Ein Manifest der Noise-pioniere
reissue des Monats industrial Coil Musick to play in the dark
Um den Begriff Industrial ranken sich zahlreiche Stilformen. Für den Techno-nerd der Gegenwart ist es geräuschbetont treibende Clubmusik, in der Historie hingegen finden sich Seitenlinien von Dark Ambient über Ritual bis hin zu Death Industrial mit Überschneidungen zum Metal. Ursprünglich allerdings sammelten sich in der britisch geprägten Szene Kunstprojekte und Avantgarde-gruppen von Throbbing Gristle und Psychic TV bis hin zu Cabaret Voltaire oder den Einstürzenden Neubauten. Und natürlich Coil als eines der Mastermind-projekte im Hintergrund. Entstanden um 1982 als Nebenaktivität von John Balance von Psychic TV, sammelten sich verschiedenen Musiker unter dem Bandsignet, wobei sich der Synthesizerspezialist Peter Christopherson von 1983 an als Konstante herausstellen sollte. Er gehörte zu den ersten Musikern überhaupt, der auf der Bühne live mit Samples experimentierte, und prägte den mit Geräuschen, Drones und elektronischen Effekten durchsetzten Studiosound von Coil. Im Laufe der Jahre kamen Feldaufnahmen und verschiedenste Klangbearbeitungen hinzu, sodass ein Kunstraum entstand, der zahlreiche Ideen der Techno- und Electronicära vorwegnahm. Anno 1999 entstand dann eines der Meisterstücke, „Musick To Play In The Dark“, geprägt von den Stimmungen des depressiven Balance, aber auch von den zunehmenden Soundmöglichkeiten von Sampling und synthetischen Verarbeitungen.

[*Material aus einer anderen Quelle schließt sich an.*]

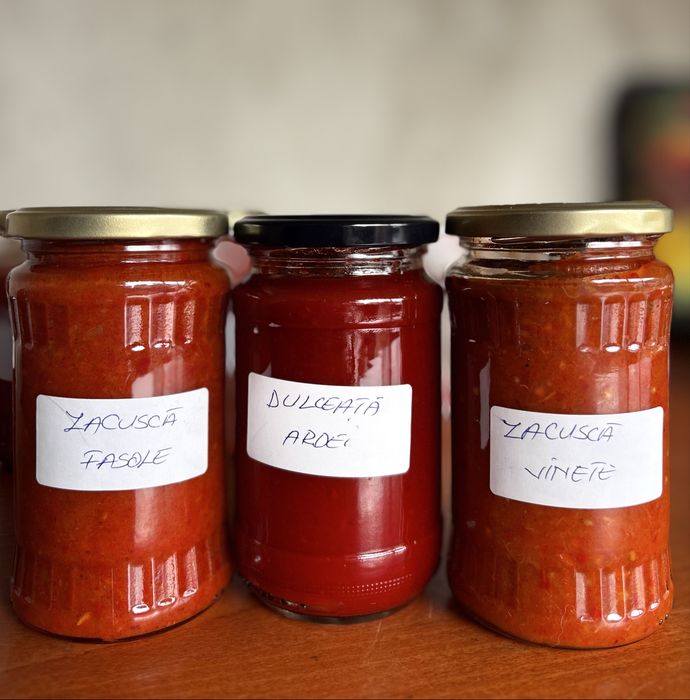 Zacuscă de vinete, zacuscă de fasole și dulceață de ardei iute – de casă!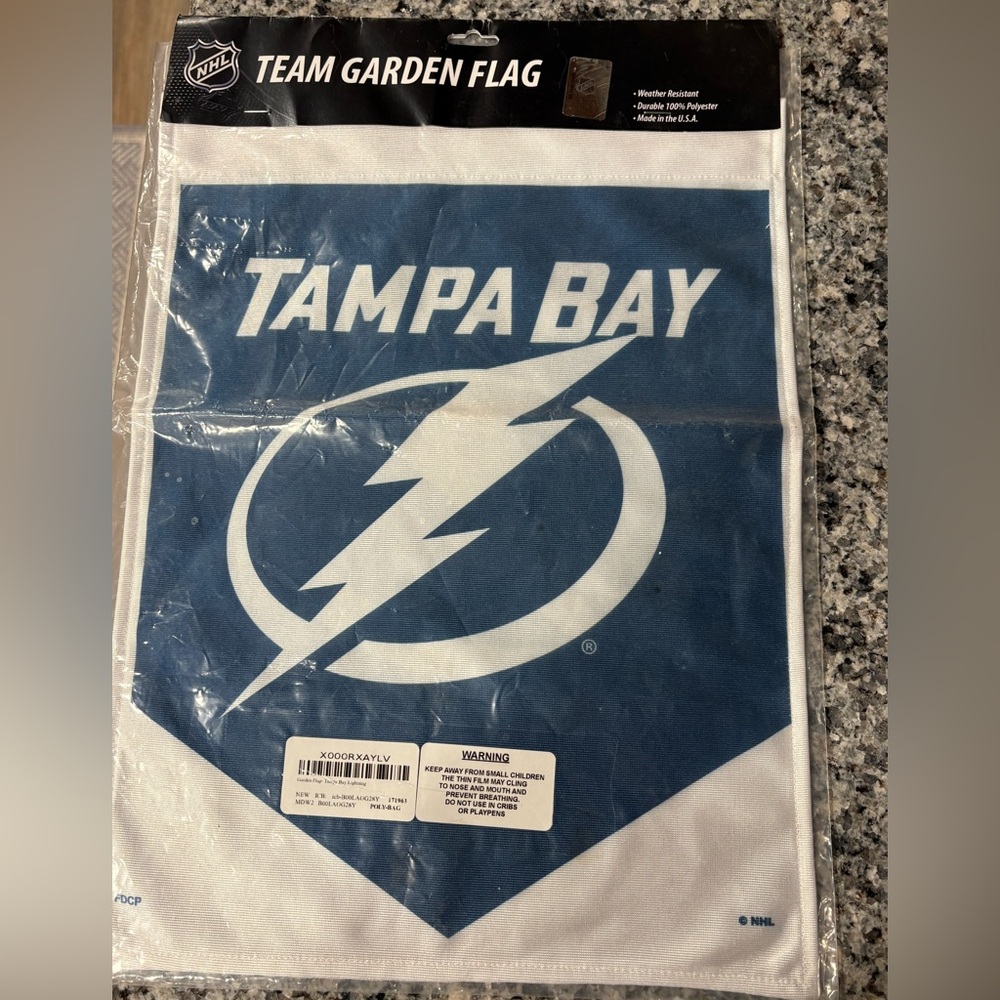 Tampa Bay Lightning garden flag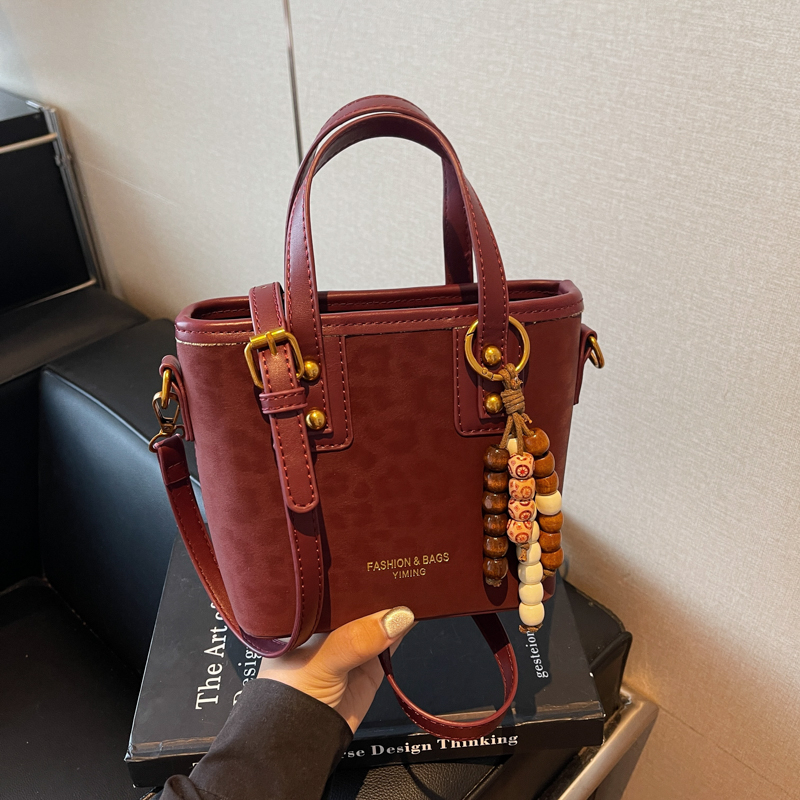 Ladies' fashionable casual handbag autumn 2025 new style student classic crossbody bag simple daily commuting advanced multifunctional versatile 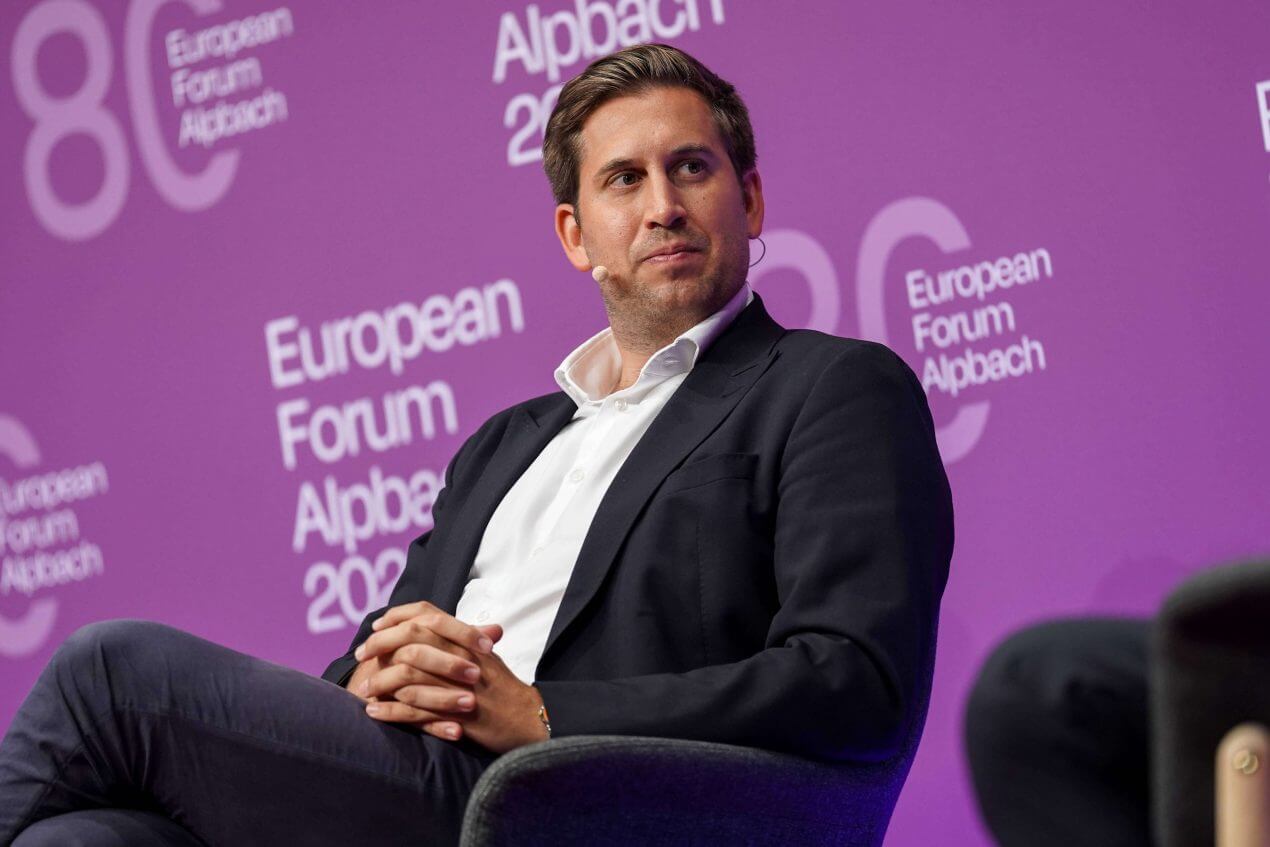 Avstrijska vlada bo pri upravnem osebju do leta 2030 prihranila 540 milijonov evrov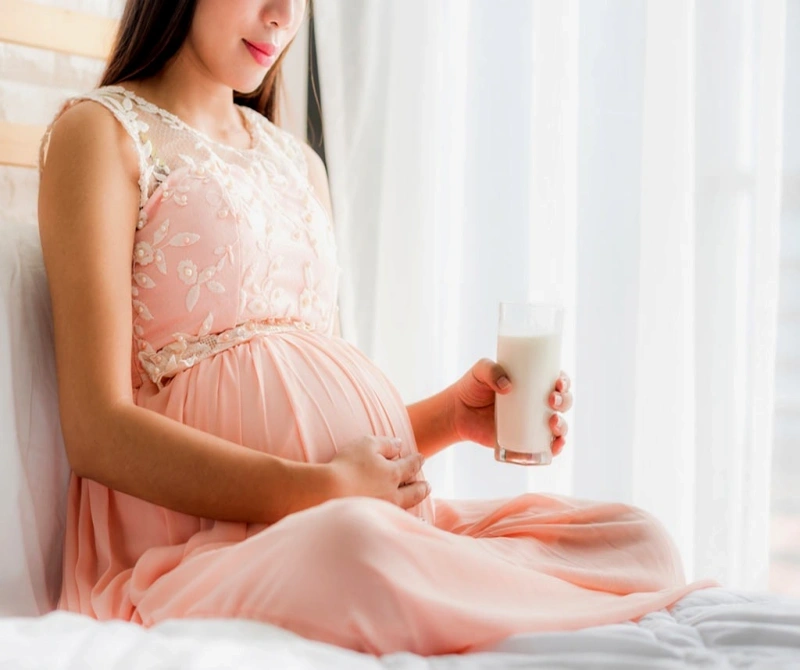 Dù có các loại hạt mẹ bầu không nên ăn nhưng có thể uống loại sữa hạt phù hợp.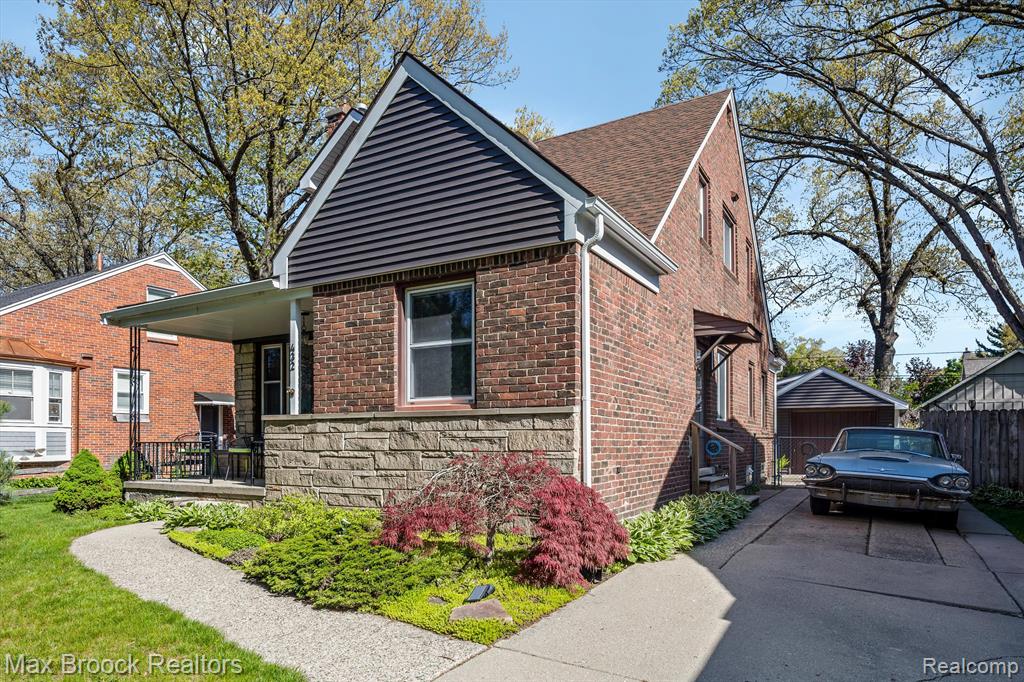 432 W CAMBOURNE Street, Ferndale, MI 48220 — Photo 4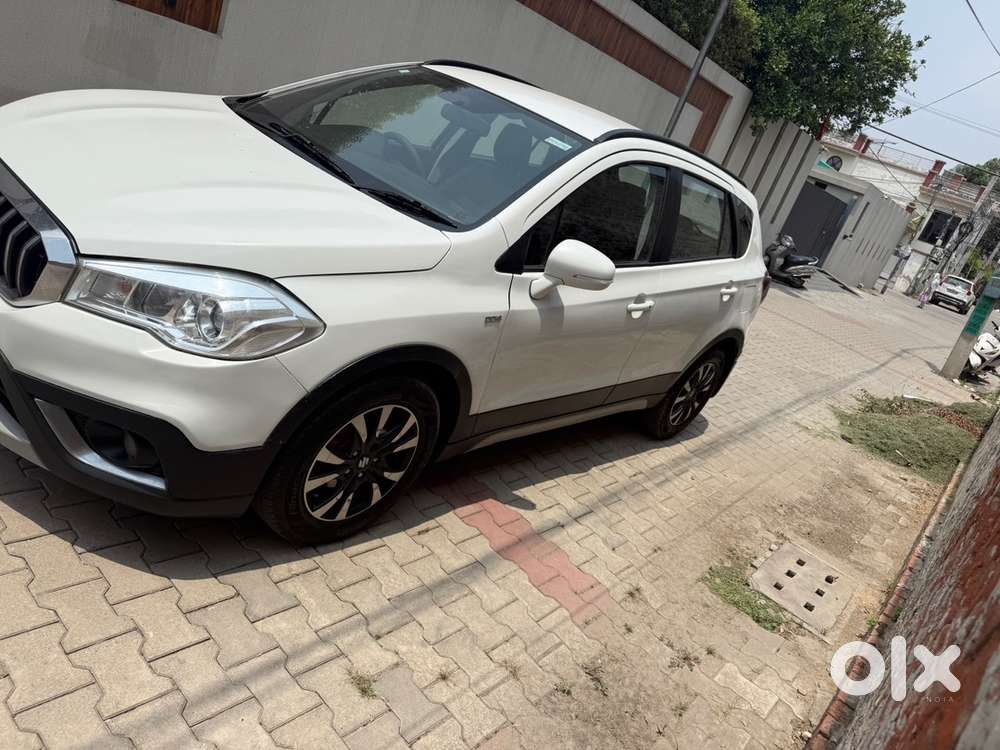 S Cross Hybrid 2019 Zdi+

Im Nachklang des 20-jährigen Album-jubiläums wurde es wieder herausgegeben, kaum bearbeitet, weil schon im Original wegweisend. „Musick To Play In The Dark“ist mit seinen trotz Opulenz fein differenzierten Geräusch-collagen eine echte Herausforderung für gutes Equipement. Es ist Musik aus der Dunkelheit eines Träumers und in seiner konzeptuellen Geschlossenheit auch ein Vermächtnis von Balance, der 2004 starb, als er im Alkoholrausch eine Treppe hinunterstürzte.